• _TASK TO COMPLETE_
Make an exact copy of the data below, leaving out every picture.

• _DATA SECTION_
====================
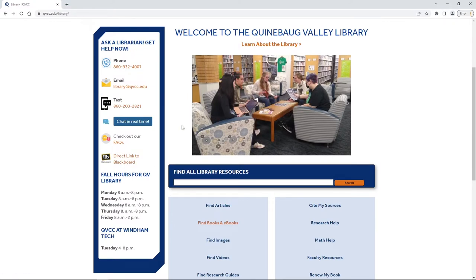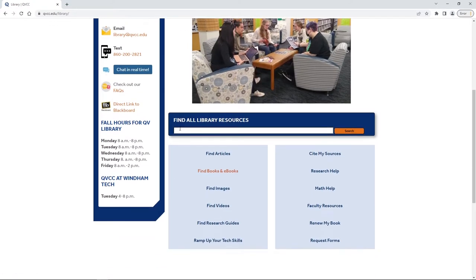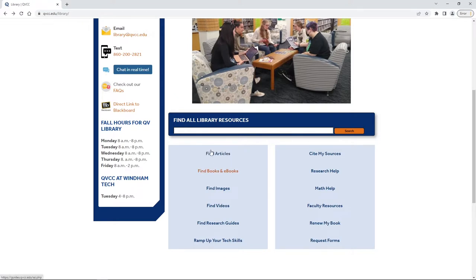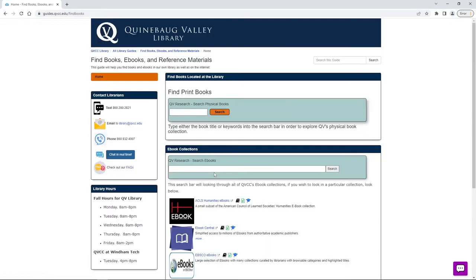Now there's a couple of ways that you can find ebooks. You can do it the same way that you find our physical books through this box here or you can look directly under that big blue box, go past find articles and click on our find books and ebook.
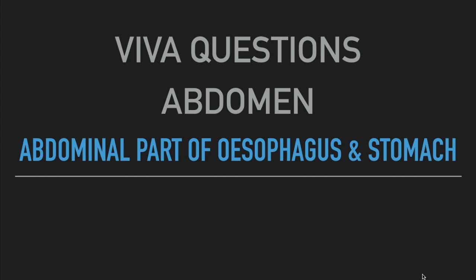Why were questions? Abdomen topic is abdominal part of esophagus and stomach. First question: What is the resting luminal pressure of lower esophageal sphincter?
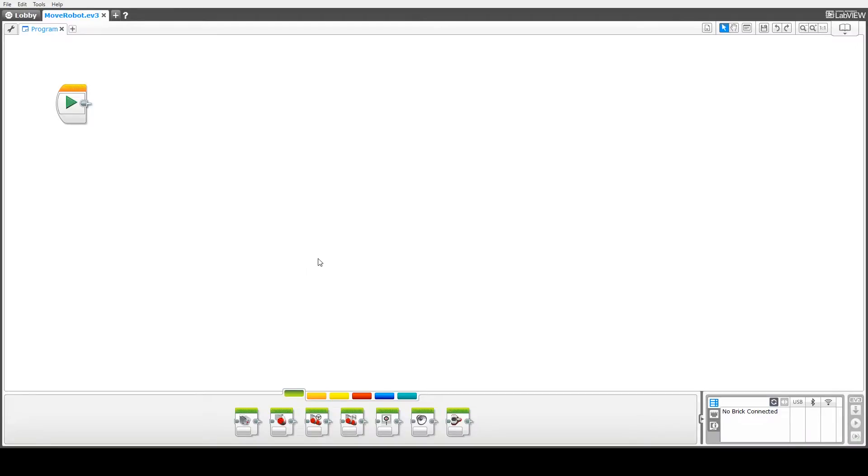Hey there folks, Dr. Dave here again with another EV3 Mindstorms video tutorial. In today's tutorial we're going to look at using variables in our code.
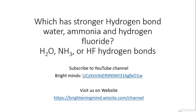Hello everyone and welcome back. Today I'll be talking about the difference in hydrogen bonding between water, ammonia, and hydrogen fluoride. I'll provide a link in the description of the video to visit us on the website and download the material.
====================
• _REPLY_
Now there's a couple of ways that you can find ebooks. You can do it the same way that you find our physical books through this box here or you can look directly under that big blue box, go past find articles and click on our find books and ebook.
Why were questions? Abdomen topic is abdominal part of esophagus and stomach. First question: What is the resting luminal pressure of lower esophageal sphincter?
Hey there folks, Dr. Dave here again with another EV3 Mindstorms video tutorial. In today's tutorial we're going to look at using variables in our code.
Hello everyone and welcome back. Today I'll be talking about the difference in hydrogen bonding between water, ammonia, and hydrogen fluoride. I'll provide a link in the description of the video to visit us on the website and download the material.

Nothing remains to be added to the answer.